Und dazwischen ein Farbenspiel, das sich weder adäquat in Worten noch in Fotos einfangen lässt. ich war mir sicher: Bei einem längeren Aufenthalt würde ich hier wieder mit dem Malen anfangen und versuchen, diese Pracht in Öl- und Wasserfarben festzuhalten.
Entschleunigter Morgen
Am nächsten Morgen stand ich früh auf, um mir den Sonnenaufgang anzusehen. Den habe ich leider nur halb erwischt, da ich mich mit der Uhrzeit vertan habe. Dafür stand mir ein ausgesprochen friedliches Frühstück in der Gemeinschaftsküche bevor. Ich bereitete mir Porridge zu und schrieb in mein Tagebuch.
Bald schon leistete mir die Gastgeberin Gesellschaft. Sie bot mir Kaffee an. Als ich dankend annahm, war mir nicht bewusst, welche Mühe damit verbunden sein würde: Die ältere Lady mahlte die Bohnen hingebungsvoll von Hand und goss das Pulver in Zeitlupe mit heißem Wasser auf.
Ich kann nicht anders, als die Japaner von tiefstem Herzen zu bewundern. Selbst simpelste Alltagstätigkeiten werden mit einer solchen Liebe zum Detail erledigt. Nichts geschieht hier überhastet. Menschen, die so leben, müssen glücklich und entspannt sein. Ich bin fest der Meinung, dass wir uns diese Einstellung in der westlichen Welt zum Vorbild nehmen sollten, um unserer allgegenwärtigen Rastlosigkeit und Unzufriedenheit entgegen zu wirken.
So saßen wir eine Weile in Stille nebeneinander und tranken unseren Kaffee. Ich schrieb und meine Gastgeberin las mit perfekt aufrechter Körperhaltung während im Hintergrund klassische Musik spielte. Ich fühlte mich mit dieser Frau durch die gemeinsame Liebe zur Kunst in diesem Moment so verbunden. Ist es nicht erstaunlich, wie wir Menschen im Kern so ähnlich sind?
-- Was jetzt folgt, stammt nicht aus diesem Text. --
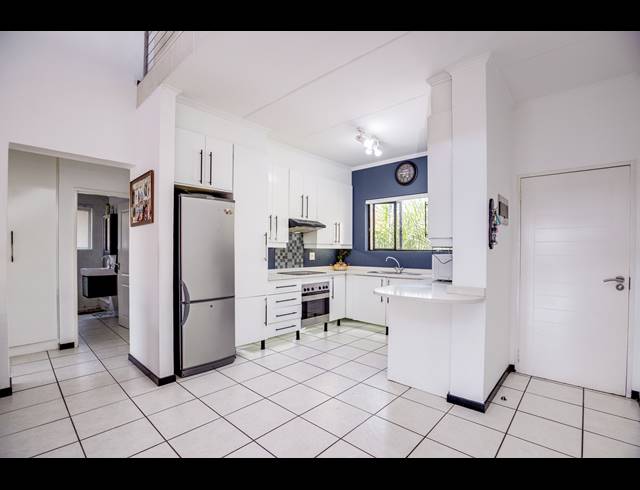 2 BEDROOM APARTMENT FOR SALE IN SUNNINGHILL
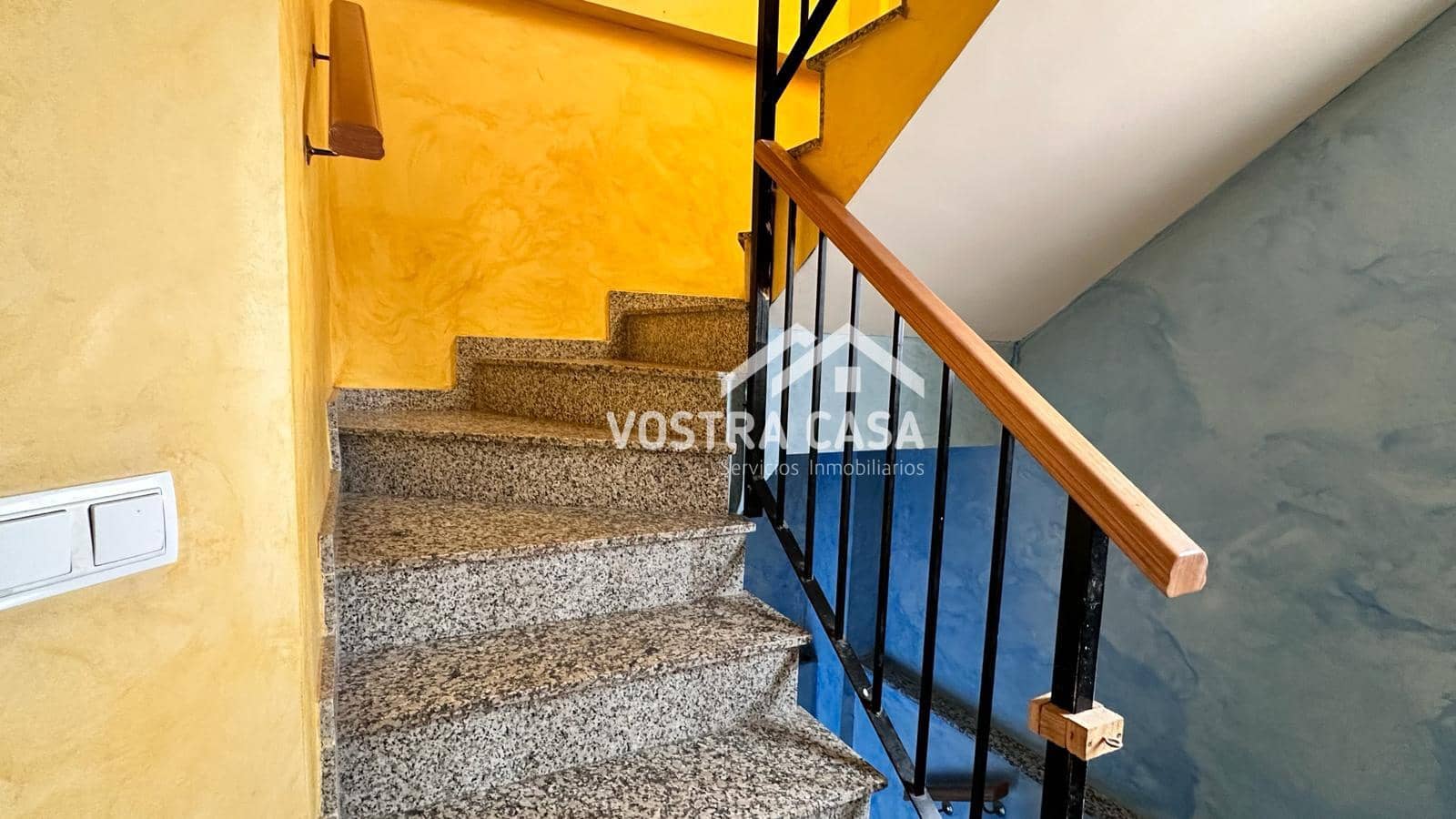 5 chambre Maison de Ville à vendre à Requena avec garage - 190 000 € (Ref: 8431495)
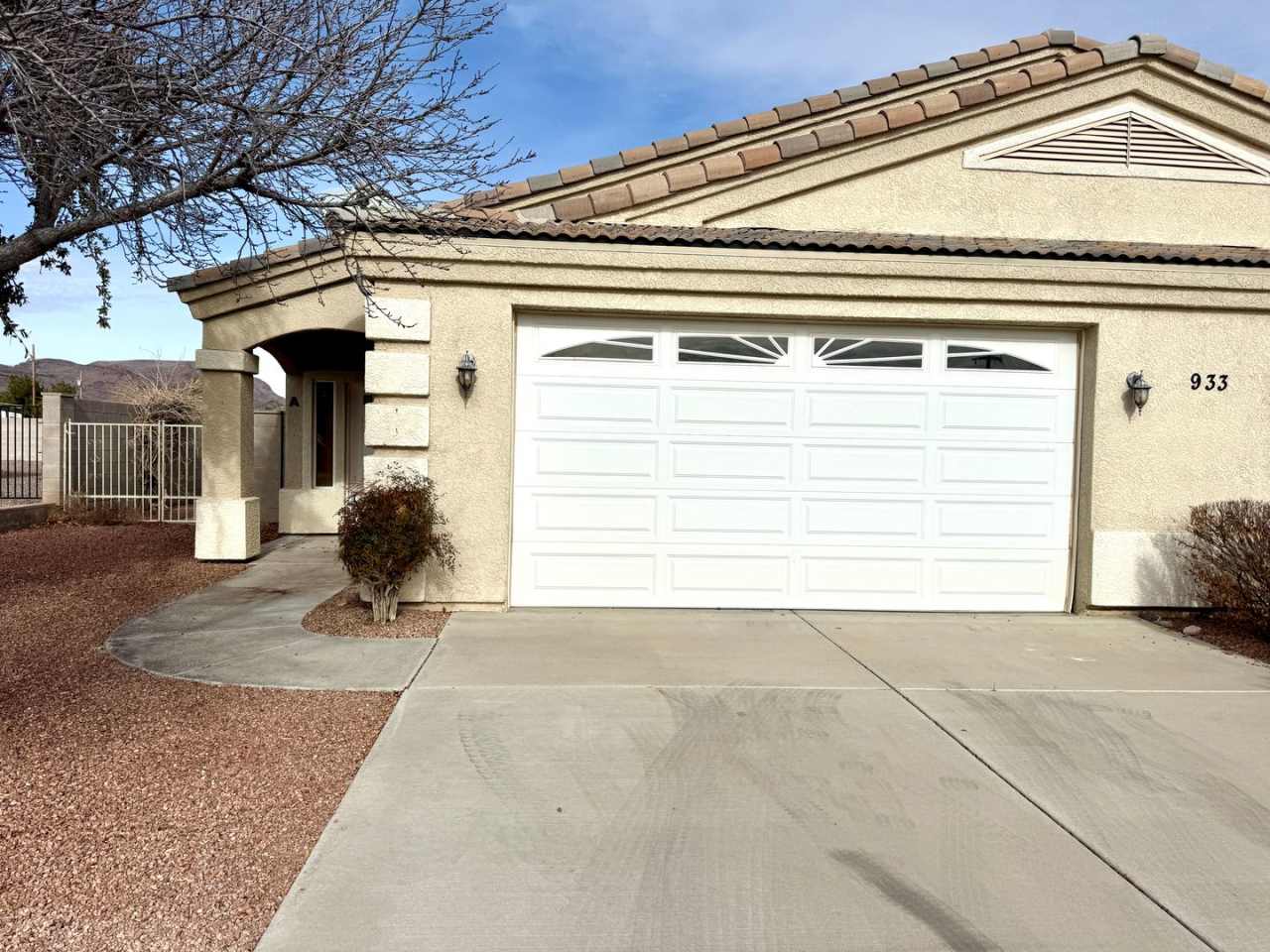 Great 3 Bedroom Duplex near the Kingman Hospital!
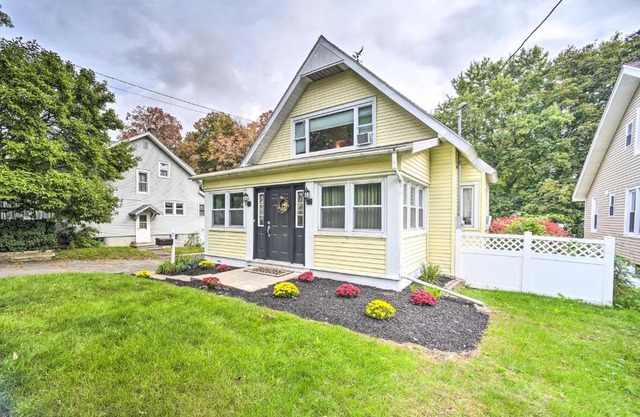 Pet-Friendly Latham Retreat about 7 Mi to Albany!
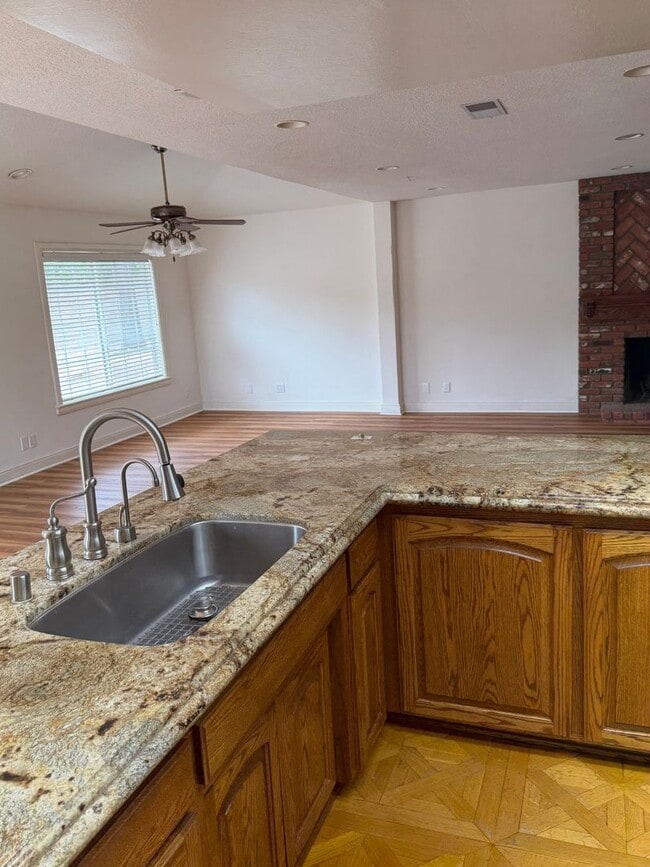 Photo - 2863 Sapphire Ave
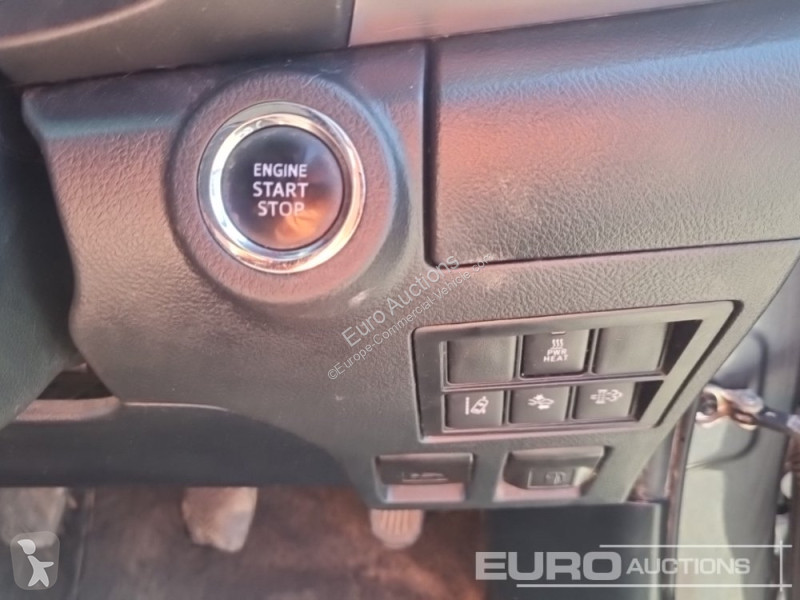 Véhicule utilitaire Toyota Hilux Invincible X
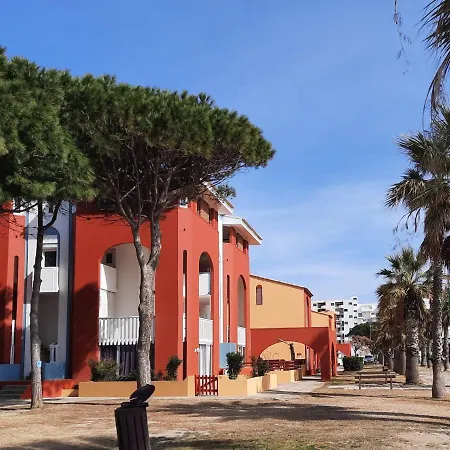 Apartment En Avec Piscine Proche *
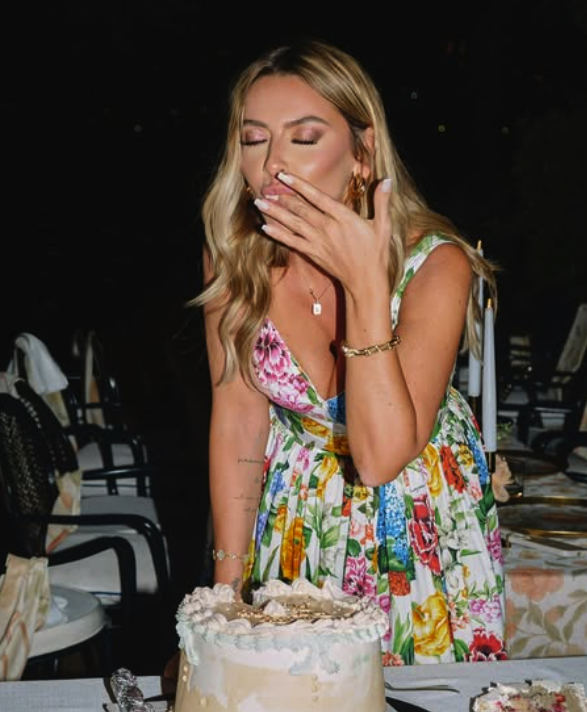 Hadise bu sefer Paris sokaklarını salladı! O hallerine bakanlar bir daha baktı - Resim: 2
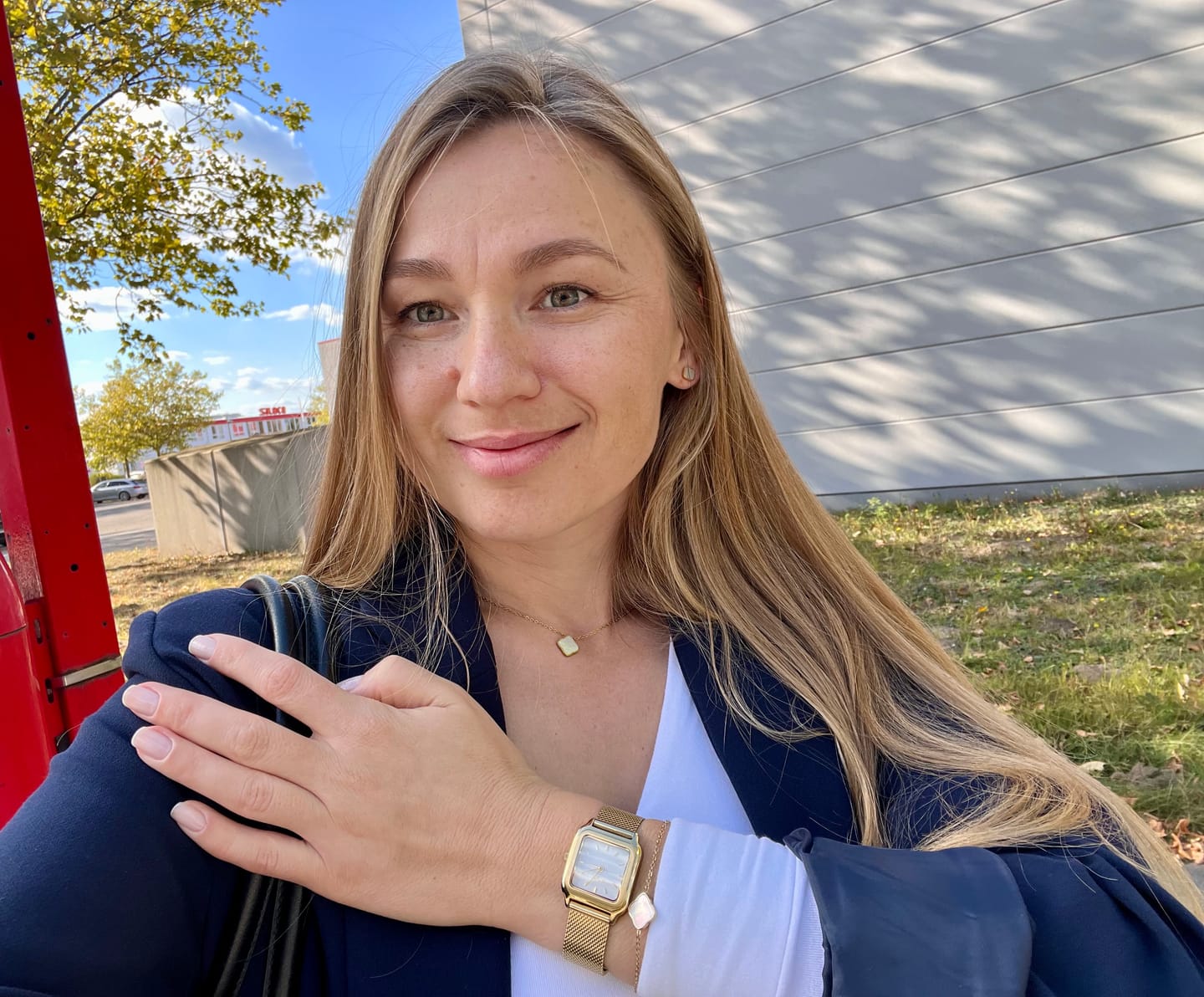 Customer photo review of Flora Gold White Set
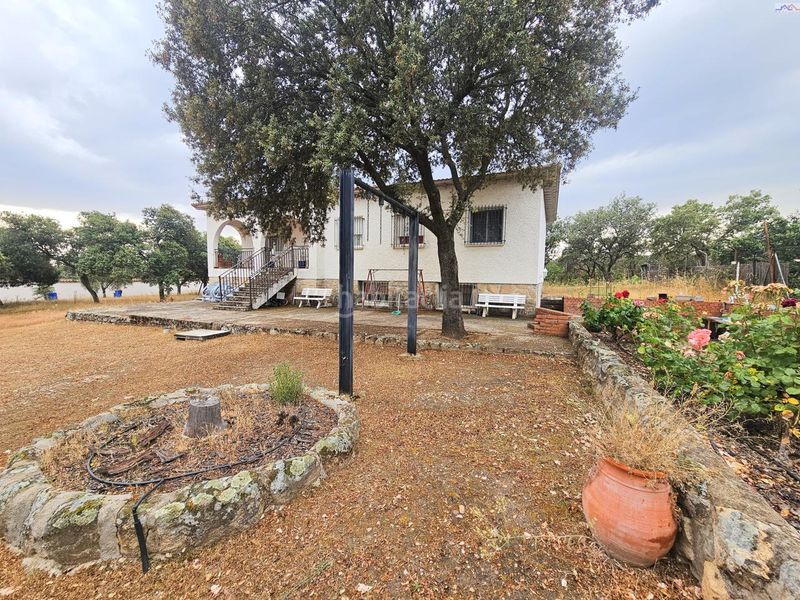 Foto a44c0a99-c24f-422a-b928-8f47f0612e89. Xalet amb xemeneia calefacció piscina a Villa del Prado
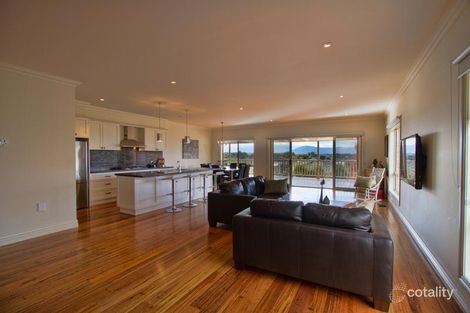 Property photo of 25 Alcheringa Court Gisborne VIC 3437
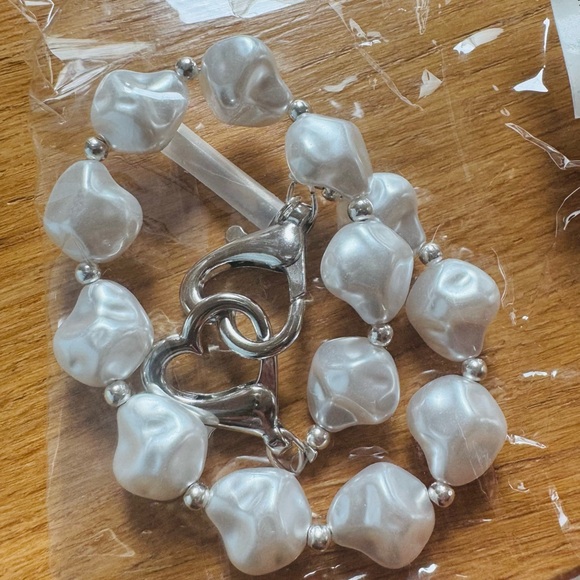 Bloomingdale’s blue cosmetic/ travel/ handbag with straps new - Picture 4 of 4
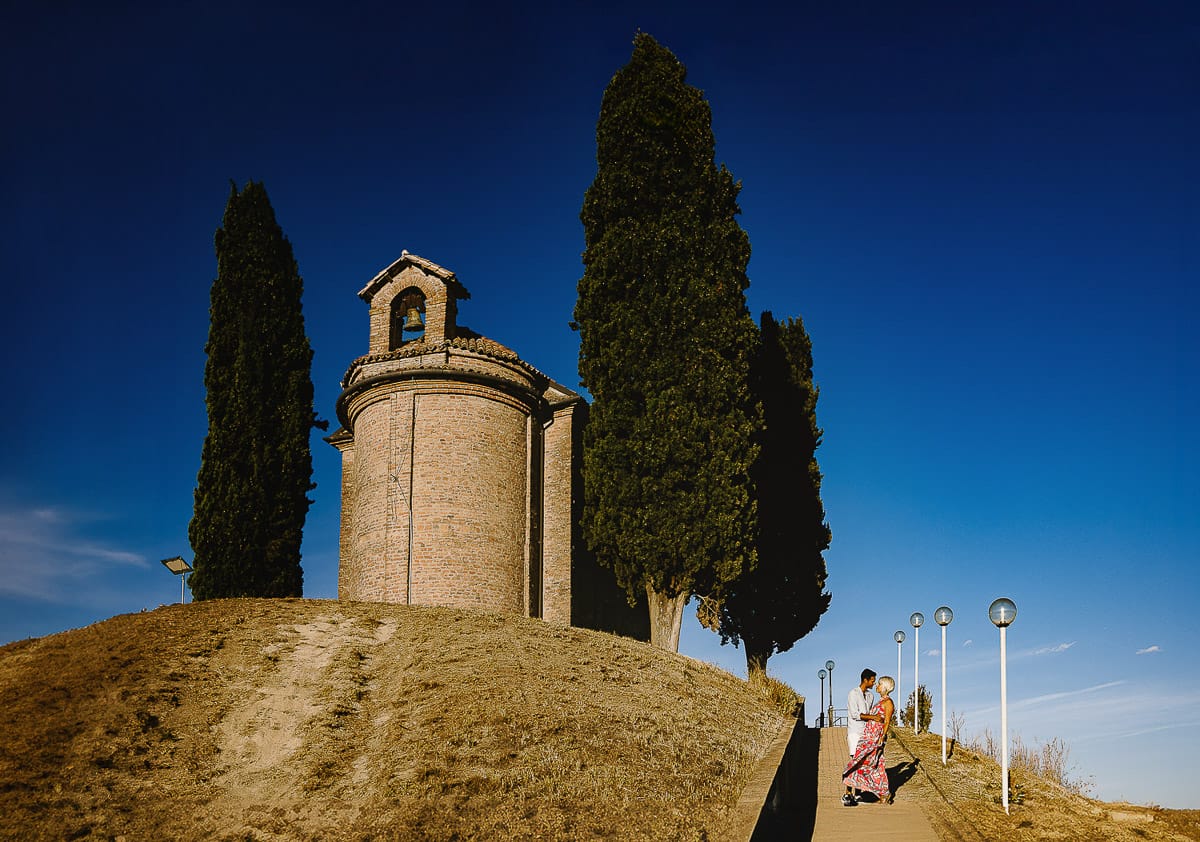 Prewedding da sogno a Nizza Monferrato intorno alla chiesa della Madonna della Neve. Fiammetta e matteo scendono dal vialetto verso il vigneto.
Wenn wir nur wollen, finden wir die Gemeinsamkeiten.
Als wir später am Morgen aufbrechen, fällt der Abschied schwer. Wir wären gerne länger geblieben. Aber wie heißt es immer: Man soll gehen, wenn es am schönsten ist. Vielleicht hätte eine Verlängerung unseres Aufenthalts, das Erlebnis nur getrübt. Deshalb setzen wir unsere Reise nach Akita fort – mit einer Apfelkuchen-Stadtkarte unserer Gastgeber im Gepäck.